Craig Macadam from the conservation group Buglife said hopefully most invertebrates would have settled in for the winter before the snow arrived.

He said: "Snow is probably better for invertebrates than hard frost as a thick blanket of snow insulates the ground.

"A bigger problem is road salt and de-icer which can have a negative impact on aquatic invertebrates, where it runs off into watercourses.

"Interestingly, this snow should actually benefit some of the specialist invertebrates found in Scotland's mountains.

"Species such as the Arctic whorl snail and a tiny money spider, mecynargus paetulus, live in and around snow beds. Another species that might benefit is the snow flea."

Image caption,
The Scottish SPCA handled underweight hedgehogs after they were unable to find food in the deep snow

But some animals have struggled in the cold snap.

The Scottish SPCA has received almost 700 more calls to their animal helpline over the last two weeks compared with the same period last year.

More than 100 of these calls were directly related to the snow and bad weather conditions, and raised concerns about wildlife including birds, hedgehogs and deer.

The charity's wildlife rescue centre in Fife received more than 50 underweight hedgehogs after they were unable to find food in the deep snow.

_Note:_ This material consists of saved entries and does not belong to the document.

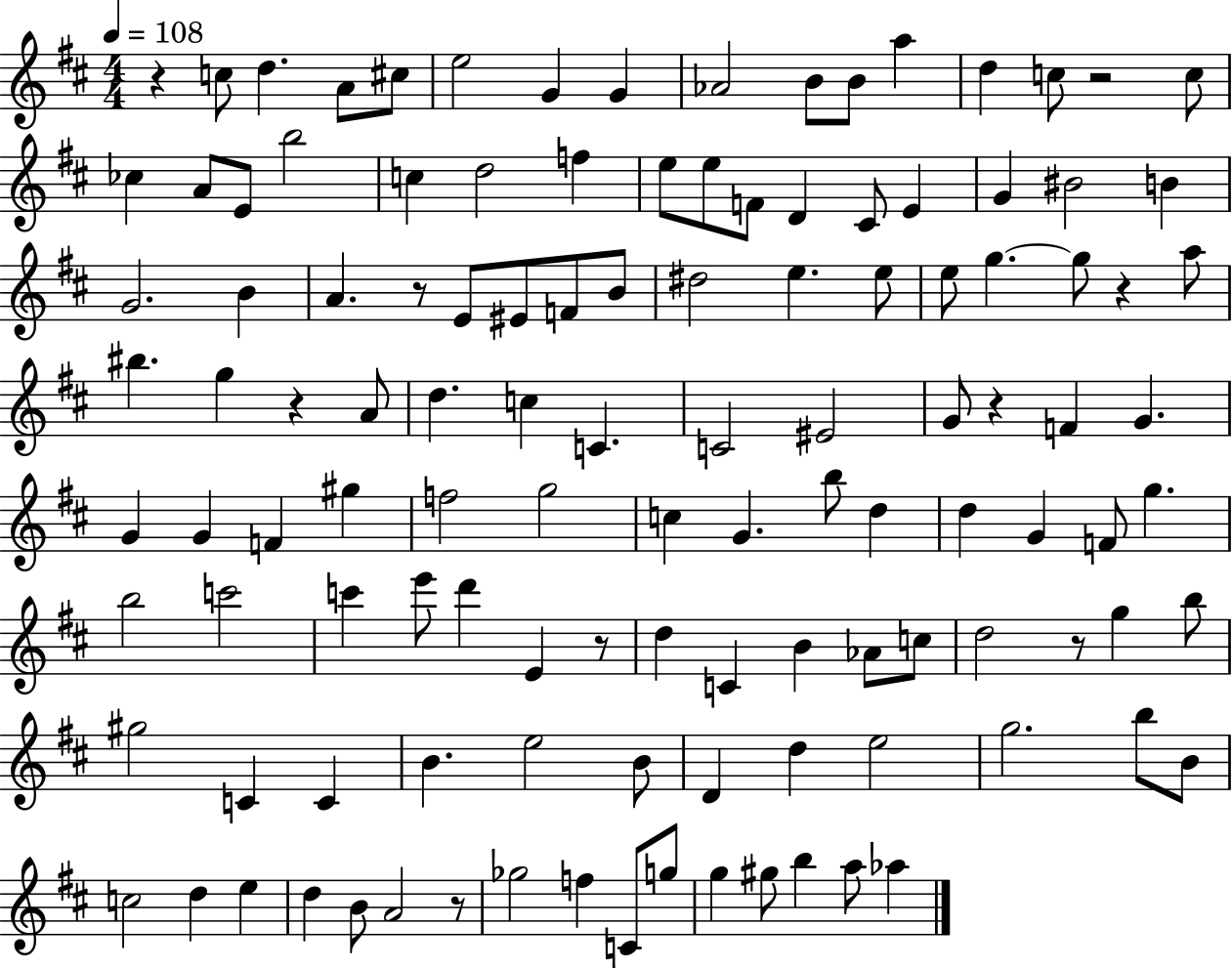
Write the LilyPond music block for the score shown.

{
  \clef treble
  \numericTimeSignature
  \time 4/4
  \key d \major
  \tempo 4 = 108
  r4 c''8 d''4. a'8 cis''8 | e''2 g'4 g'4 | aes'2 b'8 b'8 a''4 | d''4 c''8 r2 c''8 | \break ces''4 a'8 e'8 b''2 | c''4 d''2 f''4 | e''8 e''8 f'8 d'4 cis'8 e'4 | g'4 bis'2 b'4 | \break g'2. b'4 | a'4. r8 e'8 eis'8 f'8 b'8 | dis''2 e''4. e''8 | e''8 g''4.~~ g''8 r4 a''8 | \break bis''4. g''4 r4 a'8 | d''4. c''4 c'4. | c'2 eis'2 | g'8 r4 f'4 g'4. | \break g'4 g'4 f'4 gis''4 | f''2 g''2 | c''4 g'4. b''8 d''4 | d''4 g'4 f'8 g''4. | \break b''2 c'''2 | c'''4 e'''8 d'''4 e'4 r8 | d''4 c'4 b'4 aes'8 c''8 | d''2 r8 g''4 b''8 | \break gis''2 c'4 c'4 | b'4. e''2 b'8 | d'4 d''4 e''2 | g''2. b''8 b'8 | \break c''2 d''4 e''4 | d''4 b'8 a'2 r8 | ges''2 f''4 c'8 g''8 | g''4 gis''8 b''4 a''8 aes''4 | \break \bar "|."
}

Swans were also cared for after crash-landing in fields as ponds froze over.

Tom Gatherer from the Scottish SPCA said: "Freezing temperatures and deep snow can be very dangerous for animals, including domestic pets, equines, farm animals and wildlife.

"At this time of year natural food sources will be scarce so it is kind to feed wild birds."

The early winter weather has also proved challenging for some plant life.

David Knott from the Royal Botanic Garden in Edinburgh said: "It is too early to assess the damage, but with the snow we have had and the very low temperatures, we will probably see some damage to evergreen plants.

"However, nature is in a better position to cope than man."